"Holly" Gastrobar © Thomas Platt
Bild: Thomas Platt

Produktorientierte Küche in Berlin-Neukölln - "Holly" Gastrobar

Wie immer mehr Lokale wird auch das "Holly" in Berlin-Neukölln bloß von ein paar Leuten betrieben. Die wollen zusammen arbeiten wie Freunde, dabei keinen großen Apparat unterhalten, mit den entsprechenden Kosten und dem ganzen Papierkram hinten dran. Stattdessen konzentrieren sie sich aufs Wichtigste: gutes Essen und gutes Gastgeben.

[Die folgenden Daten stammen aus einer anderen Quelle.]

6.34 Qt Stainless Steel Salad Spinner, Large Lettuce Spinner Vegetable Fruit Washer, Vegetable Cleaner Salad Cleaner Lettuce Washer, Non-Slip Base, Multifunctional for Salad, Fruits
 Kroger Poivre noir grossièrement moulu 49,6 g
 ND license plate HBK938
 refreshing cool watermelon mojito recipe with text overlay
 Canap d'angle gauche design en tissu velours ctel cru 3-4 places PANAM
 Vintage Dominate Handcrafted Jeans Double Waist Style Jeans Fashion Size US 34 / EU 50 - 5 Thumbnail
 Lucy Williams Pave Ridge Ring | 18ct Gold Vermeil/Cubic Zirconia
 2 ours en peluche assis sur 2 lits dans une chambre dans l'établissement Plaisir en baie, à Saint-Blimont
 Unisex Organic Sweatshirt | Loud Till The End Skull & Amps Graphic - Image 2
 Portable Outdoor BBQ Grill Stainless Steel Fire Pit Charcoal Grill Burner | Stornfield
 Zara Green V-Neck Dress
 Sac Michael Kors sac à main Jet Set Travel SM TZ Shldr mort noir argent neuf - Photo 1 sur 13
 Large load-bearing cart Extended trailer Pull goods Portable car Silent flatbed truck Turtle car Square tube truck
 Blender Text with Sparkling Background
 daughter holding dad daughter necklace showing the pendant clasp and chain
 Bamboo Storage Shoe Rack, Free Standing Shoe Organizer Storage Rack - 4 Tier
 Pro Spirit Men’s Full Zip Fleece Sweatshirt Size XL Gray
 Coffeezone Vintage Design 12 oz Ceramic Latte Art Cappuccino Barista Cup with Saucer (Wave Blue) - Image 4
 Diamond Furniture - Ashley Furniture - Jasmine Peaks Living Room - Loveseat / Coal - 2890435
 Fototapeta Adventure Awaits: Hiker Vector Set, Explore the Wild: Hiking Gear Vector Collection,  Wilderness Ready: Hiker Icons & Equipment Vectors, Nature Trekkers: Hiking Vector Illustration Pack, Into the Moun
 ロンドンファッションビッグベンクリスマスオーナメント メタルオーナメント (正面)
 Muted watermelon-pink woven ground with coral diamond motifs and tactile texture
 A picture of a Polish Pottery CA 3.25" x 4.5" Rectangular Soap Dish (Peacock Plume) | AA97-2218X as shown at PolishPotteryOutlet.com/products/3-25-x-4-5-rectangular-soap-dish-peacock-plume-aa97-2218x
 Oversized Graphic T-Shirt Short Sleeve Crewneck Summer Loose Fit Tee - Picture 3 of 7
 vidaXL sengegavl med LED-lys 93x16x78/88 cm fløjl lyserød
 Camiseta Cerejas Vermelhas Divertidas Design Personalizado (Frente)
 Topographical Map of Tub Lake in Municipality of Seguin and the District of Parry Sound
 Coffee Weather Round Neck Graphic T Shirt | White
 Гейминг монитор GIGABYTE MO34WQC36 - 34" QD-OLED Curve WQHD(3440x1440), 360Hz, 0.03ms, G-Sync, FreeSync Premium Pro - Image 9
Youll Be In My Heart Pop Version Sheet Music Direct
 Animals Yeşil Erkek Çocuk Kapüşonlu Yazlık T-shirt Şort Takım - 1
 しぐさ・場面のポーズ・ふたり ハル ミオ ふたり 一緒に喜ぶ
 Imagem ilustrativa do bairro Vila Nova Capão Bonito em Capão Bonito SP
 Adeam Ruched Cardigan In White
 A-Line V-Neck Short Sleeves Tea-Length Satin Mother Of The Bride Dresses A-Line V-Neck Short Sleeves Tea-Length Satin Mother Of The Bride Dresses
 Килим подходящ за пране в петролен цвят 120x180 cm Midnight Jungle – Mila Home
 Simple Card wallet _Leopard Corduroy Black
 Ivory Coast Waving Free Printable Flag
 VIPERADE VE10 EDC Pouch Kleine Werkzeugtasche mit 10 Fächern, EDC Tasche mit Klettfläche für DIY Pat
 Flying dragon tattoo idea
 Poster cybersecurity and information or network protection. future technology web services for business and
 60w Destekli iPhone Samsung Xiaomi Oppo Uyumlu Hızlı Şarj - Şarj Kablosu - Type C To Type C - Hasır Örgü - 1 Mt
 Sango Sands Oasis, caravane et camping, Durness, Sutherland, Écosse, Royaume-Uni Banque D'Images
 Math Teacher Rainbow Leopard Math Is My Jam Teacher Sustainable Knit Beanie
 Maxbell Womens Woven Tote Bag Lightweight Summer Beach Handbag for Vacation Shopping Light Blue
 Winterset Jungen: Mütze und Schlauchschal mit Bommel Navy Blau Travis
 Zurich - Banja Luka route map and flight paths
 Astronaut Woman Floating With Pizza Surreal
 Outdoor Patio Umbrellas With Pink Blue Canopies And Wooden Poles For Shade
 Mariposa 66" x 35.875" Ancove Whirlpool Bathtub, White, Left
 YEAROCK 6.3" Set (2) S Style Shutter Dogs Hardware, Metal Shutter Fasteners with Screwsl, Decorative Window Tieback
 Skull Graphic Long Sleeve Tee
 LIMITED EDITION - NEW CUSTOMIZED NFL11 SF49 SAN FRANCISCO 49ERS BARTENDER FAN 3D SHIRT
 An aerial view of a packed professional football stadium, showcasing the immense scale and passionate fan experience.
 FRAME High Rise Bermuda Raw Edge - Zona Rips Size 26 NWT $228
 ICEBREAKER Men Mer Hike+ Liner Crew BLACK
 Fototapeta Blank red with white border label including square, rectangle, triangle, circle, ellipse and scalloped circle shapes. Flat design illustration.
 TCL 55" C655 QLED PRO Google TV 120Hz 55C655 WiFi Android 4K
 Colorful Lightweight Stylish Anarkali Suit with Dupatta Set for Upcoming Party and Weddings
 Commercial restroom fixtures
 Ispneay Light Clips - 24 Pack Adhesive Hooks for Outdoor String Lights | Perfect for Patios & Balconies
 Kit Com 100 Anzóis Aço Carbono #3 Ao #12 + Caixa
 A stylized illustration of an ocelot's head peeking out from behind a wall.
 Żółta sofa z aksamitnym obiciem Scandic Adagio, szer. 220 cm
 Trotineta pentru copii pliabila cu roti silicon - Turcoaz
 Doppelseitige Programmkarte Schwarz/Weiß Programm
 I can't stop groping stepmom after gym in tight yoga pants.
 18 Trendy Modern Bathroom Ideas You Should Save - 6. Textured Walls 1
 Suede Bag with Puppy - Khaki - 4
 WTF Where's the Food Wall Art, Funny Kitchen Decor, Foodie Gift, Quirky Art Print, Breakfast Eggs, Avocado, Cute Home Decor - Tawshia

Die Reihenfolge dürfte dabei unerheblich sein.

Im Bistro am Ufer einer gepflasterten Neuköllner Seitenstraße sorgen die beiden Inhaber, die Wein- und Bier-Sommelière Fernanda Befi Lacordia aus Brasilien als Gastgeberin und der französische Koch Simon Guitard mit betont individuell konzipierten mediterranen Speisen und viel Fröhlichkeit für das anhaltende Wohl ihrer Gäste.

"Holly" Gastrobar © Thomas Platt
Bild: Thomas Platt

Impulse aus dem Fermentationslabor

Es gibt ein "4 Courses Tasting Menu" (59 Euro), bei dem die Vor- und Zwischenspeisen interessanter erscheinen als der Hauptgang. Bei den "Happen & und Vorspeisen" (zwischen 6 und 21 Euro) lernt man die Originalität der Küche besser kennen, zumal man mehr Details begegnet, die wie nahezu alles hier im Hause erzeugt werden. Insbesondere das Fermentationslabor steuert immer wieder Impulse bei, die ihre Wirkung nicht allein dem Sauertopf verdanken.

Vom hausgemachten Kartoffelbrot mit luftig gequirlter brauner Butter über die Kaltschale mit Roter Bete und karamellisiertem Miso bis zum Dessert, einem Himbeersorbet mit gerösteter, mit Hilfe des Koji-Pilzes transformierter Gerste enthalten nahezu alle Gerichte fermentierte Elemente. Zum Beispiel beim zu fein strukturierten, darum ein wenig klebrigen Rinder-Tartar (für dieses Ergebnis muss man es eigentlich nicht mit dem Messer zerkleinern, da kann man gleich den Fleischwolf nehmen) handelt es sich bei der Kartoffelmayonnaise und dem gepökelten Eigelb um einen wenig aufregenden Effekt.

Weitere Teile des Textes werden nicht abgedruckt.